To account for regional variation, the NPCP includes both national and regional activities. The diversity of NPCP programs allows the Pesticide Compliance Program to assess a sample of users from a variety of subsectors and provides the PMRA with information about compliance issues or potential trends.
Compliance activities are prioritised based on risk. In some instances, when non-compliance is known or suspected, a targeted approach may be used, which may result in higher rates of non-compliance. In other situations, random inspections are preferred. Compliance rates presented in this report reflect the regulated parties inspected and are not representative of the industry as a whole. The results presented in this report include summary findings of all compliance observations, which include all levels of risk. These findings are used in planning compliance priorities for subsequent years
2017-2018 Key Statistics
- 253 Compliance Outreach activities were conducted to promote compliance with the Pest Control Products Act.
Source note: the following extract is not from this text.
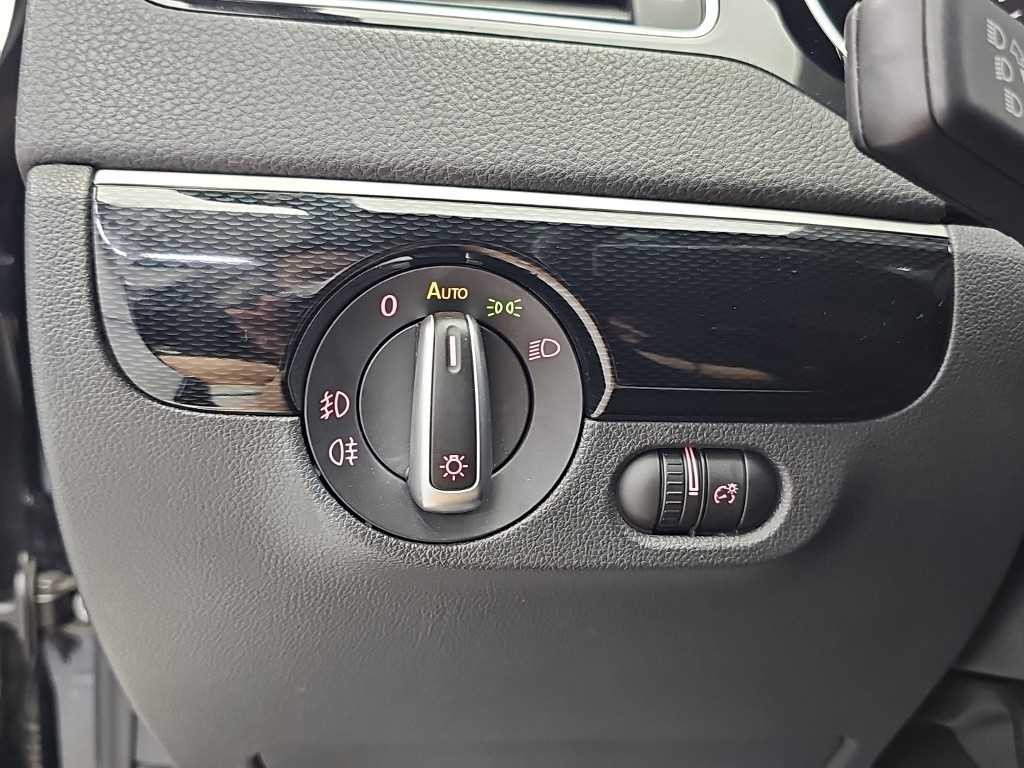 폭스바겐 제타 뉴 제타 2.0 TDI 블루모션 프리미엄 이미지 18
These activities included presentations, meetings, exhibit booths at trade shows, and other activities such as providing publications for mail-outs and contributing to association newsletters.
- 933 inspections were conducted.
- 428 samples were analyzed by the PMRA’s laboratory.
- The rate of compliance varied by subsector, ranging from 11% to 100%.
- The most common violation types noted for all inspections were sale (34%), possession (25%), and importation (21%). This includes violations noted during planned activities (1288) and compliance verifications (242). 796 enforcement responses were issued to non-compliant parties. Enforcement responses included verbal education (75), written education (359), enforcement letters (341), and Compliance Orders (21).
- In addition, 30 Notices of Violation (NOVs) with penalty and 2 Notices of Violation (NOVs) with warning were issued under the Agriculture and Agri-Food Administrative Monetary Penalties (AMPs) Act.
- Mission and Vision
- Executive Summary
- Chapter 1 - Overview of NPCP
- Chapter 2 - Compliance Overview
- Chapter 3 - NPCP Sectors
- Chapter 4 - Laboratory Activities
- Chapter 5 - National & International Partnerships
- Chapter 6 - Forward Planning
Chapter 1 - Overview of NPCP
The NPCP is responsible for promoting, monitoring and enforcing compliance with the Pest Control Products Act and its Regulations. The program is administered jointly by Health Canada’s PMRA and the Regulatory Operations and Regions Branch (RORB). The PMRA sets the strategic direction, program priorities and policies, and determines how those priorities are implemented nationally. The RORB is responsible for the delivery of compliance and enforcement activities and for maintaining valuable relationships with regional partners and stakeholders.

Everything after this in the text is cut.